Kisah Jurnalis Meliput Perang Palestina-Israel: Kuncinya Keberanian dan Kepasrahan

Kunci meliput perang Palestina Israel adalah keberanian dan kepasrahan. Setidaknya, demikian yang dialami langsung penulis saat turun di sana.

Bagi para jurnalis yang bertugas di Timur Tengah, peliputan perang Palestina-Israel merupakan tugas paling sering dan biasanya menjadi inti pekerjaan jurnalistik mereka. Karena itu, wartawan-wartawan di Timur Tengah harus memahami secara detail isu dan anatomi konflik tersebut.


Sebagai jurnalis yang bekerja di Timur Tengah, saya juga merasakannya—perang Palestina-Israel menjadi inti peliputan saya. 


Sejak 1993, saya menulis dan meliput perang Palestina-Israel. Penugasan luar negeri saya yang pertama adalah ke wilayah Palestina, yakni Tepi Barat, Yerusalem Timur, dan Jalur Gaza. Sejak itu, hampir setiap tahun selama 30 tahun, saya melakukan perjalanan jurnalistik ke wilayah Palestina. Saya ingat, dalam 10 tahun pertama di Timur Tengah saya mengunjungi Palestina sebanyak lima kali, yaitu pada 1994, 1996, 1997, 1999, dan 2001. 

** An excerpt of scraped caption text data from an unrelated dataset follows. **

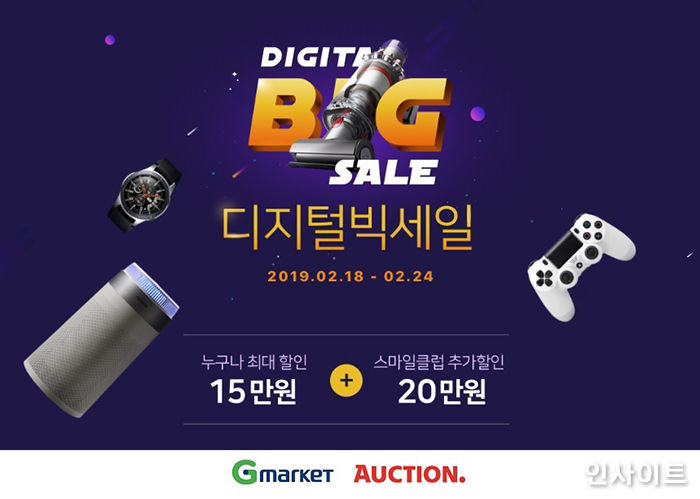 G마켓·옥션, ‘디지털빅세일’ 오픈…“득템하러 가자!”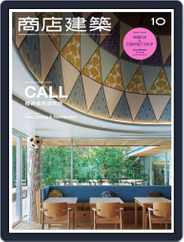 商店建築　shotenkenchiku (Digital) Subscription                    October 4th, 2016 Issue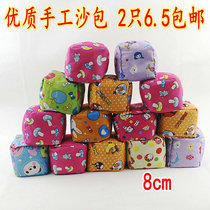 Sandbag children kindergarten sandbag kicking shuttlecock Primary School sandbag thick canvas buckwheat skin children sandbag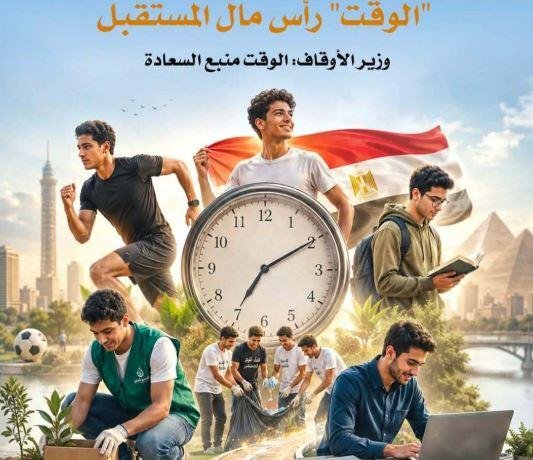 «الوقت.. رأس مال المستقبل».. ا...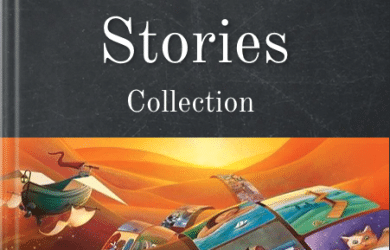 cover of "flash fiction stories" collection
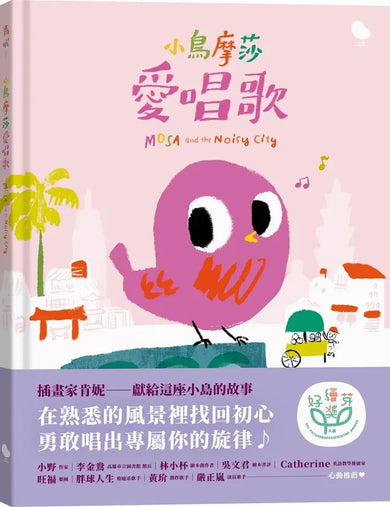 Book Cover 9786264332064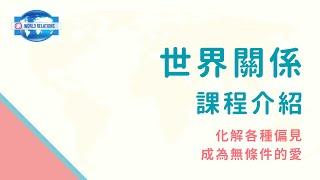 【希塔療癒高階課程：世界關係】想要拓展自己的事業到國外？六天帶你清理各個國家、種族等信念，讓你更輕鬆拓展生意、讓生命更輕盈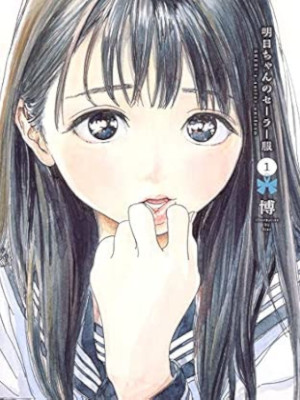 Hiro [ Akebi chan no Sailor Fuku v.1 ] Comics JPN 2017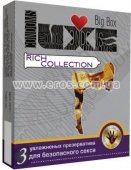  luxe big box rich collection -     -   ..    .                 !</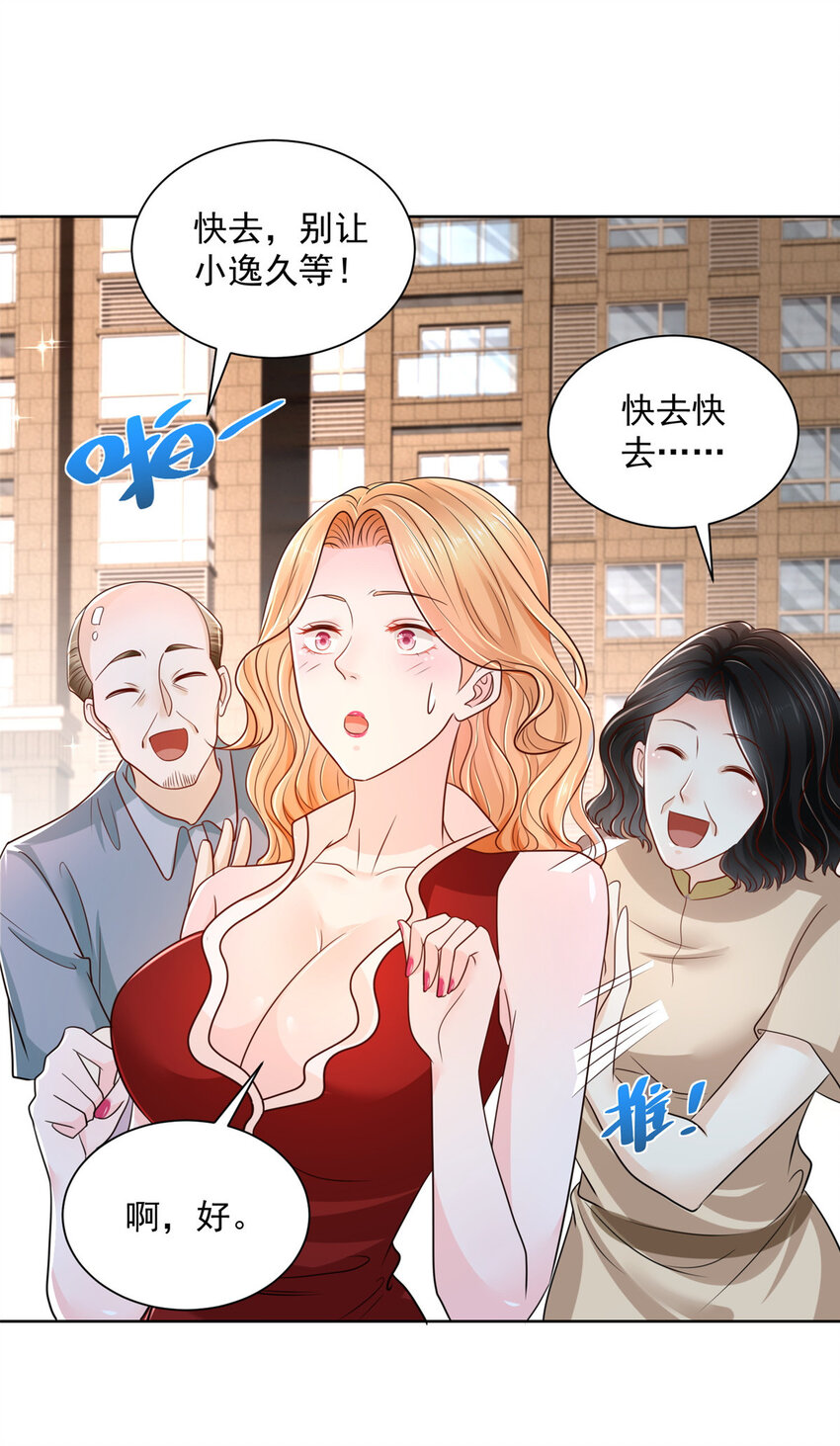 摊牌了，我全职业系统！漫画,008 女主播的假男友2图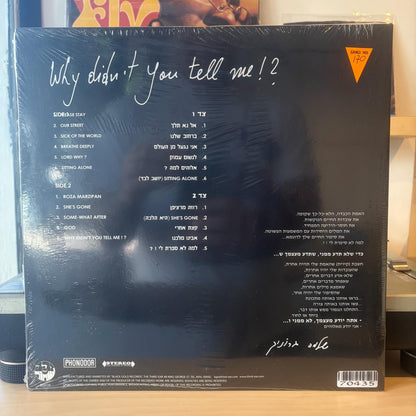 שלמה גרוניך - למה לא סיפרת לי!?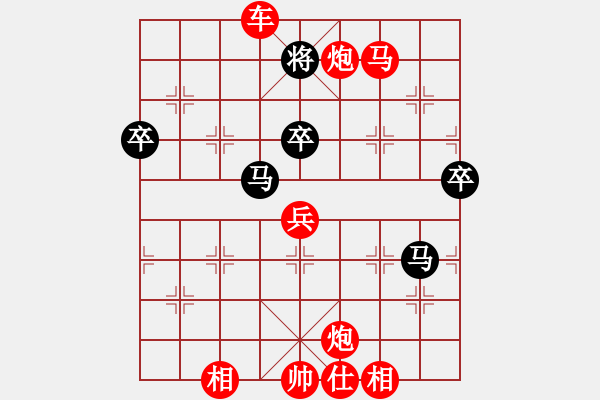 象棋棋譜圖片：棋局-tcfzp - 步數(shù)：0 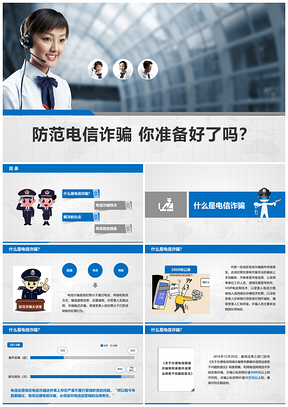 蓝色预防电信网络诈骗公安警察动态PPT模板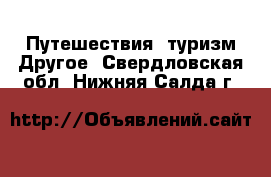 Путешествия, туризм Другое. Свердловская обл.,Нижняя Салда г.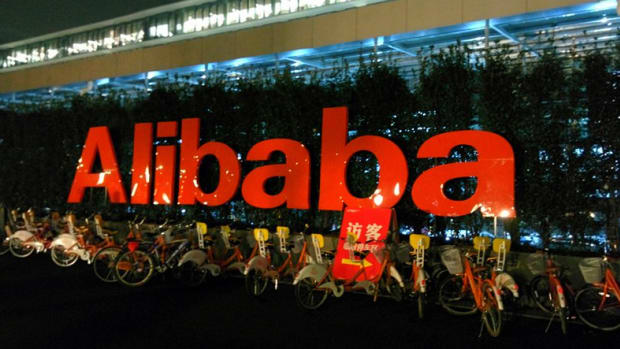 Op-ed - Chinese E-Commerce Giant Alibaba Explores Blockchain-based Cloud Service Platform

Sejak Hamas menguasai Jalur Gaza pada 2007 dan kemudian meletus perang besar Palestina-Israel pada 2009, 2012, 2014, 2021, dan 2023, saya pun meliput perang-perang tersebut. Saya masuk ke Jalur Gaza saat perang tahun 2009 dan 2012.


Kala perang Palestina-Israel meletus di tahun 2014 dan 2021, saya hanya meliput sampai ke kota Al-Arish (sekitar 40 kilometer dari Jalur Gaza). Saat itu, otoritas Mesir hanya mengizinkan para wartawan meliput sampai di kota tersebut yang berada di Gurun Sinai Utara. 


Pada perang Palestina-Israel tahun ini, otoritas Mesir juga hanya mengizinkan para wartawan meliput sampai di kota Al-Arish.

 


Meliput di tengah dentuman rudal

Meliput perang, seperti perang Palestina-Israel, menuntut keberanian sekaligus kepasrahan serta pengorbanan bagi jurnalis. Kesehatan yang prima bagi para jurnalis yang akan meliput perang juga menjadi prasyarat utama.


Suara gempuran dan dentuman yang menyentakkan dari serangkaian bom dan rudal sudah biasa bagi jurnalis yang meliput perang Palestina-Israel. Kadang-kadang, bom dan rudal berjatuhan dari jarak yang cukup dekat.


Risiko terluka karena serpihan benda tajam dari ledakan bom (shrapnel) atau bahkan tewas akibat terkena bom adalah ancaman nyata bagi para jurnalis yang meliput perang.


Saya pun terbiasa melihat langsung dengan mata telanjang roket dan rudal yang ditembakkan Israel atau Palestina terbang menuju sasaran.


Menyaksikan pesawat dan helikopter tempur Israel terbang rendah di atas kepala juga biasa terjadi, terutama dalam liputan perang di Gaza. Ini yang menuntut para jurnalis harus memiliki sikap kepasrahan yang luar biasa sambil berdoa: semoga pesawat dan helikopter tempur tidak menembakkan roket ke arah kita.


Hampir tidak ada tempat berlindung ketika para jurnalis meliput perang di Gaza. Satu-satunya harapan untuk melindungi kami di tengah desingan peluru, gempuran roket, dan dentuman rudal adalah Tuhan Yang Mahakuasa. Wallahu a’lam.


Musthafa Abd Rahman, pensiunan wartawan Harian Kompas. Menghabiskan karier kewartawanannya di Kairo selama 30 tahun (1993-2023).